Karl Nolle, MdL

Neues Deutschland ND, 13.12.2008

Auch die siebente Klage scheitert

Sächsischer Linksabgeordneter Külow darf trotz IM-Tätigkeit sein Mandat behalten
 
Der Leipziger Linkspolitiker Volker Külow bleibt trotz einer IM-Tätigkeit Abgeordneter im sächsischen Landtag. Das Verfassungsgericht wies eine Klage auf Mandatsentzug zurück.

Die Abgeordneten wussten nicht, worüber sie abstimmen – so lautet im Kern der Grund, warum Sachsens Verfassungsgericht die vor genau einem Jahr im Landtag beschlossene Abgeordnetenklage gegen den Linksabgeordneten Volker Külow zurückgewiesen hat. Der Leipziger sollte sein Mandat aberkannt bekommen, weil er ab 1988 als IM »Ostap« für das MfS gearbeitet hatte. Einem einzigartigen Paragrafen der Landesverfassung zufolge ist er damit unter Umständen als Abgeordneter »untragbar«.
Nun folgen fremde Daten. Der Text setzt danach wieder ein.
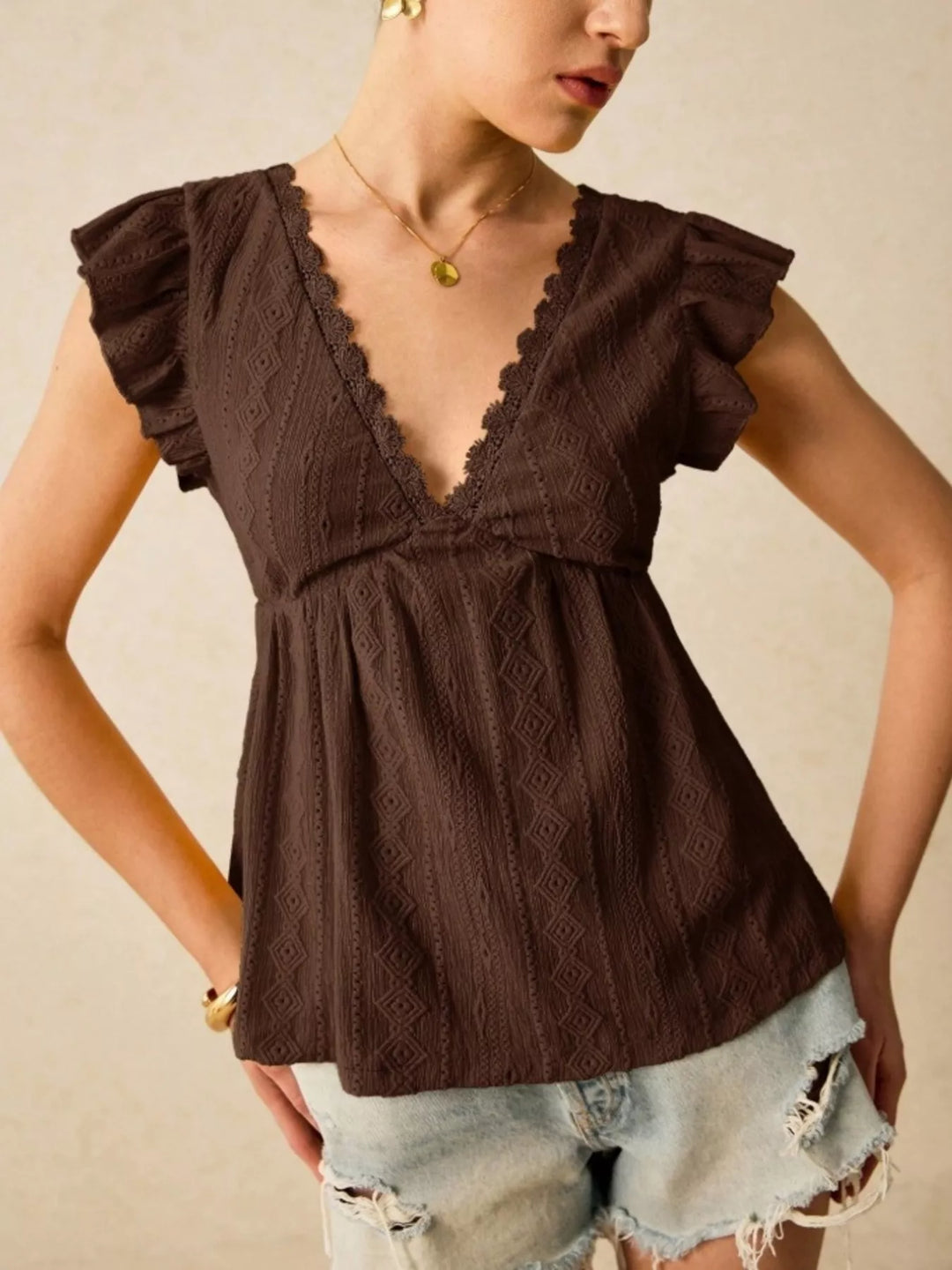 Ruffle Sleeve V-Neck Blouse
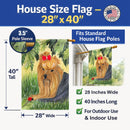 Yorkie House Flag 28x40 Porch Sleeve Pole Decorative Outside Yard Banner Artwork Wall Hanging, Polyester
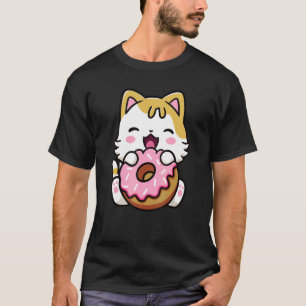 Camiseta de gato sonriente amante de donas Otaku g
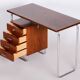 Bauhaus Writing Desk in Oak and Chrome by R. Slezák, Czech, 1930s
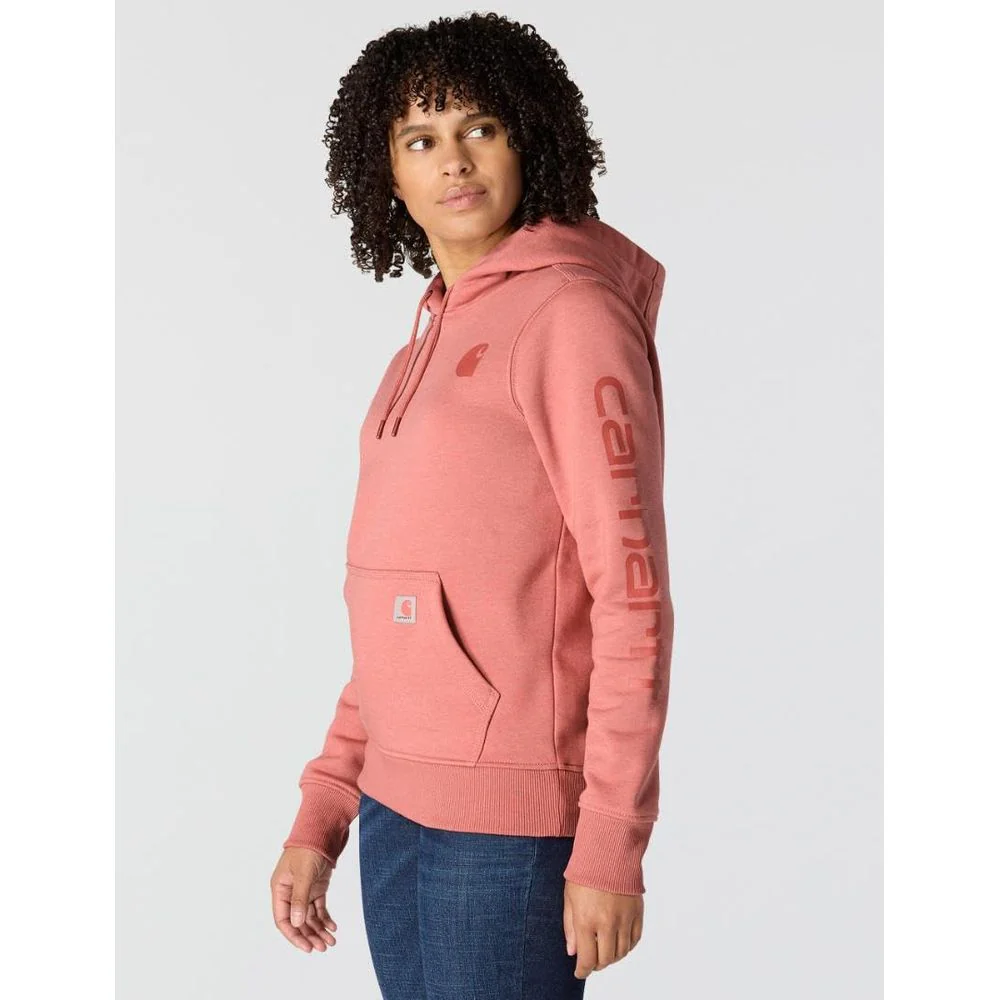 Carhartt Women's Relaxed Fit Midweight Logo Sleeve Graphic Sweatshirt, Dusty Cedar Heather, Large, 102791-RD0 - Image 2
Ob diese Umstände erfüllt sind, konnten die Abgeordneten laut Gericht aber nicht einschätzen. Sie befanden über eine Empfehlung des Bewertungsausschusses, der sich zuvor in geschlossenen Sitzungen mit dem Fall beschäftigt hatte. Wichtige Angaben blieben in der Vorlage ausgeklammert: »Es fehlten Darlegungen zur Art, Dauer und Intensität der dem Angeklagten vorgeworfenen Tätigkeit«, so das Gericht. Die »bloße Bezugnahme« auf Unterlagen der Bithlerbehörde reiche nicht aus. Klaus Bartl, Anwalt und Fraktionskollege Külows, sagte dem ND, damit hätten sich seit Jahren geäußerte Bedenken bestätigt: »Mit dem praktizierten Verfahren lässt sich keine rechtsförmige Anklage erheben.« Bartl sprach von »Dilettantismus«.
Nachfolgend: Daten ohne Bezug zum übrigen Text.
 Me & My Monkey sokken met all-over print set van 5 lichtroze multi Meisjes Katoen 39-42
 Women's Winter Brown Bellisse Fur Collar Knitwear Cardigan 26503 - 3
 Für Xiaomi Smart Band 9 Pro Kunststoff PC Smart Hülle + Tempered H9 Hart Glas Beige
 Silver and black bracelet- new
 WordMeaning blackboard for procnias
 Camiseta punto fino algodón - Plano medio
Mit dem Urteil wird ein durchaus pikanter Fall zu den Akten gelegt. Külow, seit 2004 im Landtag, hatte in den 90er Jahren eingeräumt, für die Auslandsaufklärung des MfS gearbeitet zu haben. Vor zwei Jahren waren aber Unterlagen aufgetaucht, denen zufolge der 48-jährige Historiker auch aus Seminaren und vertraulichen Gesprächen an der Universität Leipzig berichtet hatte. Im Landtag räumte Külow ein, in einigen Fällen die »vom menschlichen Anstand gebotenen Grenzen ganz klar überschritten« zu haben. Kritiker warfen ihm vor, stets nur offenbart zu haben, »was ohnehin nicht mehr zu leugnen war«, so der Grüne Karl-Heinz Gerstenberg.
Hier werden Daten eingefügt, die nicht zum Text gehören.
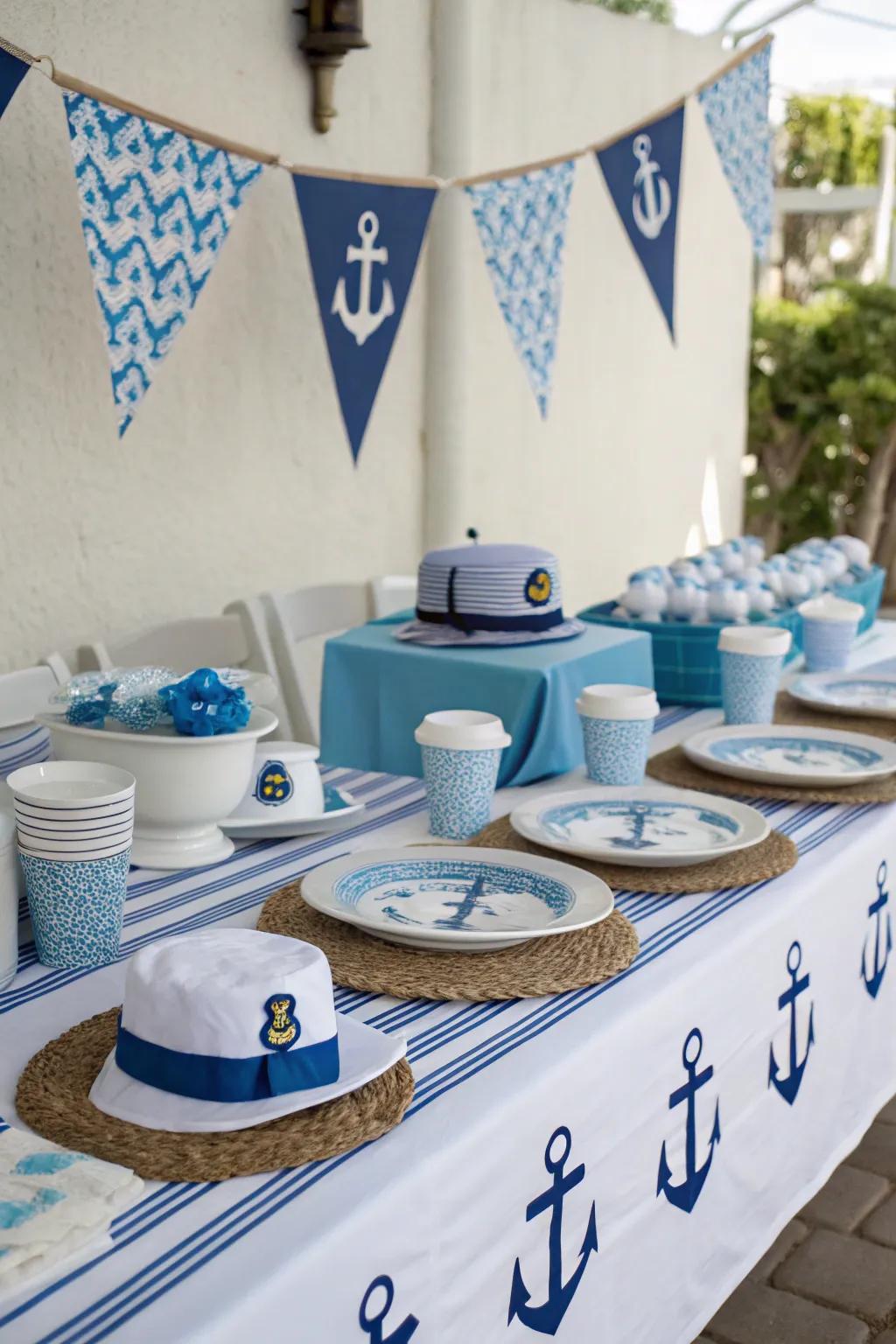 A nautical baby shower featuring engaging maritime touches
Fest steht nun, dass Külow, der kürzlich als Direktkandidat für die Wahl 2009 aufgestellt wurde, sein Mandat behält. Damit ist der Landtag bereits zum siebenten Mal mit einer Abgeordnetenklage gescheitert. Klagen gegen Ex-CDU-Fraktionschef Herbert Goliasch und später den PDS-Mann Ralf Eißler erledigten sich, weil beide zwischenzeitlich aus dem Landtag ausgeschieden waren. Vier weiter Klagen gegen PDS-Abgeordnete, darunter Ex-Fraktionschef Peter Porsch, fielen durch, weil zwischen Bekanntwerden angeblicher Vorwürfe und Klageerhebung zu viel Zeit verstrich. Im Fall Külows hatte man sich um größte Eile bemüht – und scheiterte erneut.

Während Külow erklärt, sein Vertrauen in den Rechtsstaat sei »gestärkt« worden, betonte die parlamentarische Geschäftsführerin der LINKEN, Caren Lay, man sehe alle bereits früher geäußerten Bedenken gegen das Verfahren bestätigt. CDU-Fraktionschef Steffen Flath erklärte schmallippig, man müsse das Urteil akzeptieren.
Von Hendrik Lasch, Dresden



Anmerkung von Karl Nolle:

Die Verteidigung unseres Rechtstaats und der freiheitlich demokratischen Grundordnung kann selber nur nach den strengen Regeln von Verfassung und Recht erfolgen.

Ich habe michdaher, als als einer von drei Landtagsabgeordneten, aus grundsätzlichen Gründen am 13. Dezember 2007 bei der Abstimmung über die Abgeordnetenklage zu Volker Külow enthalten und dazu eine persönliche Erklärung abgegeben, da ich den Sachverhalt nicht selber, an Hand von schriftlichen Dokumenten und Belegen, prüfen konnte. Die Vorwürfe waren somit für alle Abgeordneten, bis auf wenige Ausnahmen, Vorhaltungen vom Hörensagen.

Genau das ist der Grund, warum der Sächsische Verfassungsgerichtshof die Klage mit der Begründung abgewiesen hat: „Die zur Beurteilung der MfS-Tätigkeit des Angeklagten relevanten Sachverhaltselemente wurden im Plenum nicht oder nur unzureichend bekannt gegeben."

Das Ergebnis ist eine juristische und politische Blamage, da die Betreiber dieser nun gescheiterten Klage bei ihren hohen moralischen Beweggründen dieser keine rechtlich saubere Form geben konnten. Sie haben damit ihrer Sache zum widerholten Male einen Bärendienst erwiesen.